Assalamualaikum
Things that always or atleast once came across to medic student's mind:
"Kenapa aku amik medic? Aku nak berhenti"
Right? But we cannot do anything, thinking all aspect around us, our parents, money that have been spent for fees etc. And at the end we just surviving our ass till the day we are today.
Alhamdulillah I just finish viva for my final year project in Pre-clinical. It went well. So good. The doctors is so kind. Im blessed. Alhamdulillah. I just need to revise it and put it on hard cover and cawcincaw. Get my beautiful rest after a very long and tiring sem 7. Im not gonna work I promise myself. Petromate and bosses please do not contact me HAHAHA!
Lets get back to the topic. As in my intro. My friends and I think about it quite a lot after struggling and all those tears #cengeng . So why did I came up with this topic. It is because the last appointment with our academic advisor last week was vey touching. I am so touched! (I think it just me) One of my friend kena attack kawkaw during her viva and obviously we tell our AA about this. Then suddenly he tells us few inspiring stories (for me. again)

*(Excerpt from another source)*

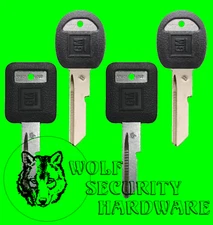 Strattec OEM GM Logo A&B Ignition Door Trunk Key Blank Black Plastic Head 4 Keys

He keep repeating this sentence "Jalanin aja, Kamu udah sampai ke tahap ini. Maybe there something benefit you in future" . And then he start tell a story about his past student that keep repeating that he (the student) cant survive this whole medical school. Indeed his parents are doctors but he keep telling that this doctor thing is not for him. So our doctor give the same sentence that he give to us to his past student. And after he completed his koass life. Walah he registered himself as cardiology resident. That time my heart, it feels like having an attack by something. Im amaze.
And then dr. H tells us another story, about his father, he is sick and they bring him to Singapore to get a treatment, the doctors in Singapore know that dr. H is a doctor so they advice him to take care of his father in a hotel room instead in hospital to cut the cost. He said, he feels like a coass life again, infuse, give a close treatment, check all the dosage and wrote all things in a book. He said he was so glad that he is a doctor.
and. Im amaze. AGAIN.
I never experience death in my big family except my atok but that was when Im 4. I remember I cry not because I saw people wrap atok with white cloth but I cry because I didn't see mama. Mama is in hospital give birth to Izzah, Yes exact time when atok entering liang lahad, Izzah was born. That's why she inherit atok's stubbornness HAHA. I still afraid what will happen in future. We are very close to death. And im afraid that I cant handle those thing. I don't want not to be sad when I see death infront of my eyes. But I cannot cry like a baby infront of the patient. What am I suppose to do? And I also don't know how to react if there something happen with my family in Malaysia. :(
Semoga Allah lindungi keluarga saya selalu. Amin. And guys remember, you are in the middle of the road. Bila pandang belakang gelap, bila pandang depan pun gelap. U get what I mean? Just continue with what you've been through. Semangat!